■ **What is expected**
All lines from the one holding "Greatest Hits (2x" down to the last line of the entries are to be reproduced exactly, with no other lines.

- - -

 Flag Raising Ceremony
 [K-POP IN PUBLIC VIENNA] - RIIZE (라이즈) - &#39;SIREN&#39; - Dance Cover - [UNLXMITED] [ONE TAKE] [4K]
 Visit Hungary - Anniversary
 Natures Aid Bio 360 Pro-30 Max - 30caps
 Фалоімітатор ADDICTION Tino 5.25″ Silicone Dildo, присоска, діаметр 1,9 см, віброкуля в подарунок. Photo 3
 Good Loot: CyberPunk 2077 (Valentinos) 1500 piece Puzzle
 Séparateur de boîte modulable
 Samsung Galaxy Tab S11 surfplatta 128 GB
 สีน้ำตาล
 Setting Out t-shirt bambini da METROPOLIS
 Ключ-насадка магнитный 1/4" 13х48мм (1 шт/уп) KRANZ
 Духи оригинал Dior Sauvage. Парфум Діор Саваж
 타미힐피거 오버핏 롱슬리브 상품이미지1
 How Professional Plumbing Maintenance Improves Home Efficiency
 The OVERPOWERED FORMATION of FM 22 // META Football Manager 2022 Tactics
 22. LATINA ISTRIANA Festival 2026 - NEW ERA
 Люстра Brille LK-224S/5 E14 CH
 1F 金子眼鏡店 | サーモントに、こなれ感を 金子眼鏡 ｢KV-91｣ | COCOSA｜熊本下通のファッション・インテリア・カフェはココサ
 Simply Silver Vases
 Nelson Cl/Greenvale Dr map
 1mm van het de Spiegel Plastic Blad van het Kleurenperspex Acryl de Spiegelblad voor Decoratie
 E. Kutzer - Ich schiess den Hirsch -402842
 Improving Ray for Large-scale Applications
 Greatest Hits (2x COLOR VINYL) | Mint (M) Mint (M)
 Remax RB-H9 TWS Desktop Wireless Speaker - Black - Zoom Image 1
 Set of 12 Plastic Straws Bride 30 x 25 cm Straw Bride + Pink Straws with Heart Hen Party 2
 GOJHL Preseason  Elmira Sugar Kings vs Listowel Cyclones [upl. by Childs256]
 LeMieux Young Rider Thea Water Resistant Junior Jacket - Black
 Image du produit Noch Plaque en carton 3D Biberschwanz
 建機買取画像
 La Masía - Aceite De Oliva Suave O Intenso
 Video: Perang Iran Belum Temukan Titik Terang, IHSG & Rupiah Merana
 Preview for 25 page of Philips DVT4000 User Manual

- - -

■ **The completed task**
 Greatest Hits (2x COLOR VINYL) | Mint (M) Mint (M)
 Remax RB-H9 TWS Desktop Wireless Speaker - Black - Zoom Image 1
 Set of 12 Plastic Straws Bride 30 x 25 cm Straw Bride + Pink Straws with Heart Hen Party 2
 GOJHL Preseason  Elmira Sugar Kings vs Listowel Cyclones [upl. by Childs256]
 LeMieux Young Rider Thea Water Resistant Junior Jacket - Black
 Image du produit Noch Plaque en carton 3D Biberschwanz
 建機買取画像
 La Masía - Aceite De Oliva Suave O Intenso
 Video: Perang Iran Belum Temukan Titik Terang, IHSG & Rupiah Merana
 Preview for 25 page of Philips DVT4000 User Manual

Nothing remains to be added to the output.